De Europese regelgeving definieert een aantal categorieën van bemande luchtvaartuigen waarvoor de nationale regelgeving in plaats van de Europese van toepassing is. Dat zijn de niet-EASA-luchtvaartuigen. Die worden ook annex I-luchtvaartuigen genoemd, omdat ze opgesomd zijn in bijlage (annex) I van de Europese verordening 2018/1139.

De volgende bemande luchtvaartuigen vallen buiten de Europese regelgeving:

  • historische luchtvaartuigen of replica’s ervan
  • luchtvaartuigen voor onderzoek, experimentele of wetenschappelijke doeleinden
  • amateurconstructies
  • luchtvaartuigen die in dienst van strijdkrachten zijn geweest of replica’s ervan (tenzij het EASA een ontwerpnorm vastgesteld heeft)
  • luchtvaartuigen met maximum twee zitplaatsen en een beperkte maximale opstijgmassa (ULM’s, zweefvliegtuigen, paramotoren …)
  • ballonnen en luchtschepen met maximum twee plaatsen en een maximumvolume van:
    • voor heteluchtballonnen ten hoogste 1.200 m³
    • voor ander gas ten hoogste 400 m³
  • elk ander bemand luchtvaartuig met een maximale lege massa, inclusief brandstof, van hoogstens 70 kg

Voor die types luchtvaartuigen bepaalt de Belgische wetgeving de voorwaarden.

Luchtwaardigheid

Een luchtwaardig luchtvaartuig is een luchtvaartuig dat veilig is om mee te vliegen. Voor niet-EASA-luchtvaartuigen is de eigenaar verantwoordelijk voor de luchtwaardigheid. U moet bij het Directoraat-generaal Luchtvaart (DG Luchtvaart) de toelating tot het luchtverkeer, dat wil zeggen de vliegtoelating, aanvragen. Het DG luchtvaart voert vervolgens een technische controle uit. Als het luchtvaartuig in orde is, krijgt u een van de volgende toelatingen.

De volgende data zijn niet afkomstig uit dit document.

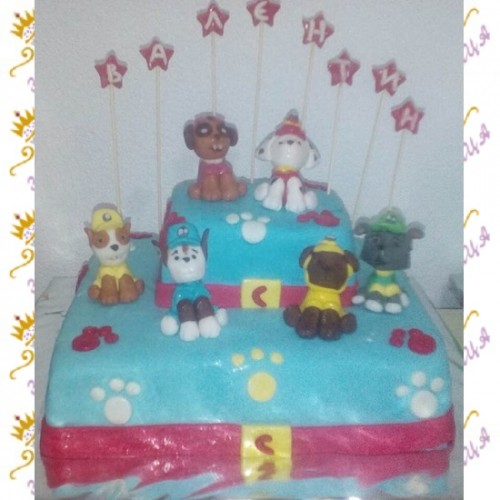 Код за нарачка ZOR0066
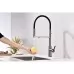 Смеситель для кухни под фильтр Paulmark Tornado To213402-GB черный глянцевый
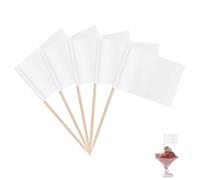 100pcs Toothpick Flags, Blank Food Flags for Buffets to Write On Food Labels Signs for Party Buffet Table Cupcake Toppers Cheese Board Markers Cocktail Picks for Birthday Wedding Dinner Party, White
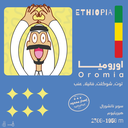 OLALA | Ethiopia Oromia 250G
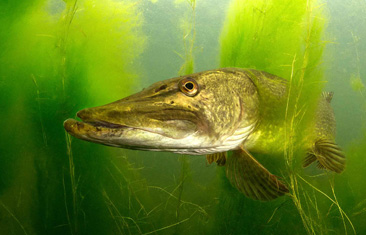 Second Place: Hiding Pike by Filip Staes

Welk niet-EASA-luchtvaartuig? Welke toelating? Hoe aanvragen?
Amateurconstructies Beperkt luchtwaardigheidsbewijs Amateurconstructies
Historische luchtvaartuigen Beperkt luchtwaardigheidsbewijs Historische luchtvaartuigen
ULM’s Beperkte toelating tot het luchtverkeer ULM’s
Paramotoren Niet van toepassing
Andere luchtvaartuigen ICAO-luchtwaardigheidsbewijs Luchtwaardigheidsbewijs voor niet-EASA-luchtvaartuigen

Als een luchtwaardigheidsbewijs niet mogelijk is, kunt u in bepaalde gevallen met een luchtvaartpas een tijdelijke vliegtoelating krijgen.

Het DG Luchtvaart voert jaarlijks een technische controle uit om het luchtwaardigheidsbewijs te verlengen, behalve voor ultralichte motorluchtvaartuigen (ULM’s).

Maintenance buiten België

Sommige eigenaars verkiezen soms onderhoudswerkzaamheden op hun luchtvaartuig of zijn uitrustingen te laten uitvoeren door personen of organisaties die in België niet erkend zijn.

Bij voorrang zal de eigenaar beroep maken aan een organisatie die volgens het reglement EASA Part M Subpart F, Part 145 of Part CAO erkend is.

Wanneer de eigenaar beroep maakt aan een onderhoudsorganisatie die alleen houder is van een nationale erkenning in zijn land, dit erkenning moet, op voorhand, door het Directoraat Flight Standards van het DGLV goedgekeurd worden.

De werken moeten in elk geval volgens de technische vereisten van de Belgische wetgeving worden uitgevoerd.

De eigenaar of de exploitant van het luchtvaartuig is verantwoordelijk om de buitenlandse persoon of organisatie in te lichten over de Belgische vereisten betreffende het onderhoud van luchtvaartuigen "annex I" niet gebruikt in het handelsluchtvervoer en hun uitrustingen.